Select Page

PL Perspectives

Perspectives on computing and technology from and for those with an interest in programming languages.

Software for physics, geometry, finance, and probability often calls library functions like sin, cos, exp, and log. These library functions should be fast and accurate for science, engineering, and finance to work best.

Unsurprisingly, lots of algorithms have been invented over the years for implementing these math functions, and new algorithms are still being discovered. For example, the RLIBM project—previously featured on this blog—has developed new tools for deriving approximating polynomials for single-precision functions.

The performance benefits of platform-, language-, and application-specific implementations are large. In some previous work, we saw speedups as large as 5× on microbenchmarks, and 10% on full applications. For this reason, hardware vendors (like NVIDIA and Intel), compiler projects (like GCC and LLVM), and applications (like CERN’s Geant4) all use custom math libraries specialized for their hardware, language, and application domain.

But writing a platform-, language-, or application-specific math library is error-prone: opaque constants, low-level bit-twiddling, and tricky algebraic transformations abound. Get any wrong, and the resulting function silently returns the wrong result—no crashes or exceptions help narrow down the issue. Even just spot-checking outputs requires numerical sophistication and access to a known-good library.

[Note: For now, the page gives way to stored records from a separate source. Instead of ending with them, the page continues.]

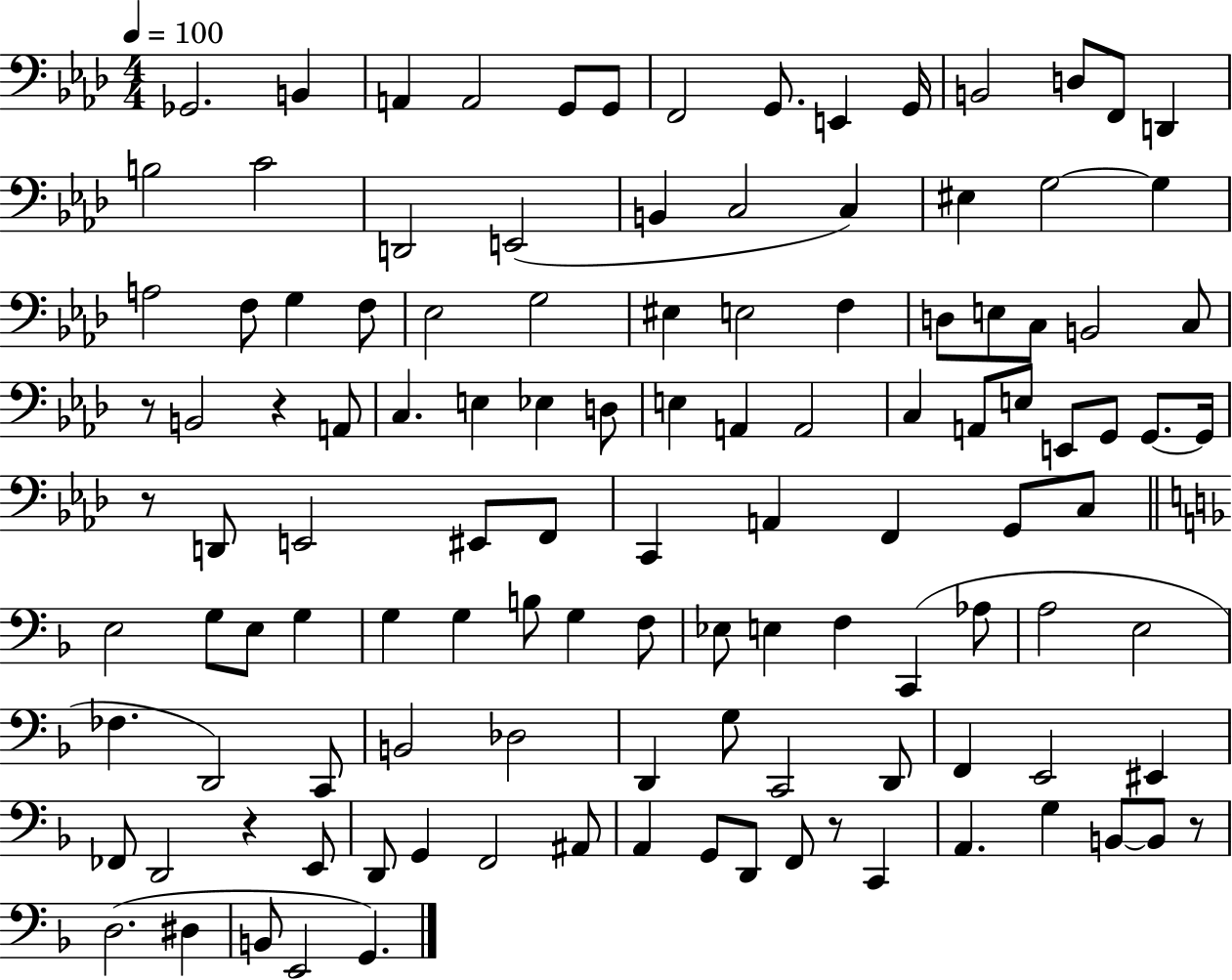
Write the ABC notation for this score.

X:1
T:Untitled
M:4/4
L:1/4
K:Ab
_G,,2 B,, A,, A,,2 G,,/2 G,,/2 F,,2 G,,/2 E,, G,,/4 B,,2 D,/2 F,,/2 D,, B,2 C2 D,,2 E,,2 B,, C,2 C, ^E, G,2 G, A,2 F,/2 G, F,/2 _E,2 G,2 ^E, E,2 F, D,/2 E,/2 C,/2 B,,2 C,/2 z/2 B,,2 z A,,/2 C, E, _E, D,/2 E, A,, A,,2 C, A,,/2 E,/2 E,,/2 G,,/2 G,,/2 G,,/4 z/2 D,,/2 E,,2 ^E,,/2 F,,/2 C,, A,, F,, G,,/2 C,/2 E,2 G,/2 E,/2 G, G, G, B,/2 G, F,/2 _E,/2 E, F, C,, _A,/2 A,2 E,2 _F, D,,2 C,,/2 B,,2 _D,2 D,, G,/2 C,,2 D,,/2 F,, E,,2 ^E,, _F,,/2 D,,2 z E,,/2 D,,/2 G,, F,,2 ^A,,/2 A,, G,,/2 D,,/2 F,,/2 z/2 C,, A,, G, B,,/2 B,,/2 z/2 D,2 ^D, B,,/2 E,,2 G,, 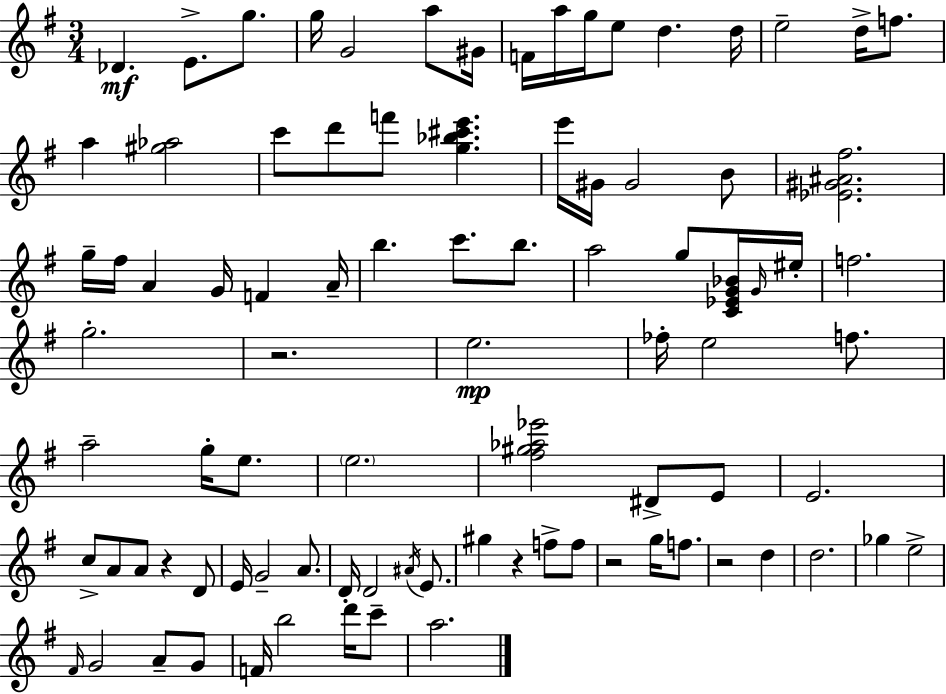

So we created a DSL, MegaLibm, to make writing math function implementations simpler and safer. It’s all thanks to the classic tools of programming language theory: languages, type systems, and compilation.

Symbolic Expression Types

Typically, math library functions are written in a low-level language like C or raw assembler to maximize performance. But general purpose languages (like these) don’t help developers avoid semantic errors in mathematical code.

How many times has this happened to you: you’re writing some math computation, and you accidentally write a plus sign instead of a minus sign, or put in the wrong constant? Your programming language can’t catch these bugs for you because its types, like float and double, don’t distinguish between x and -x or between different constants.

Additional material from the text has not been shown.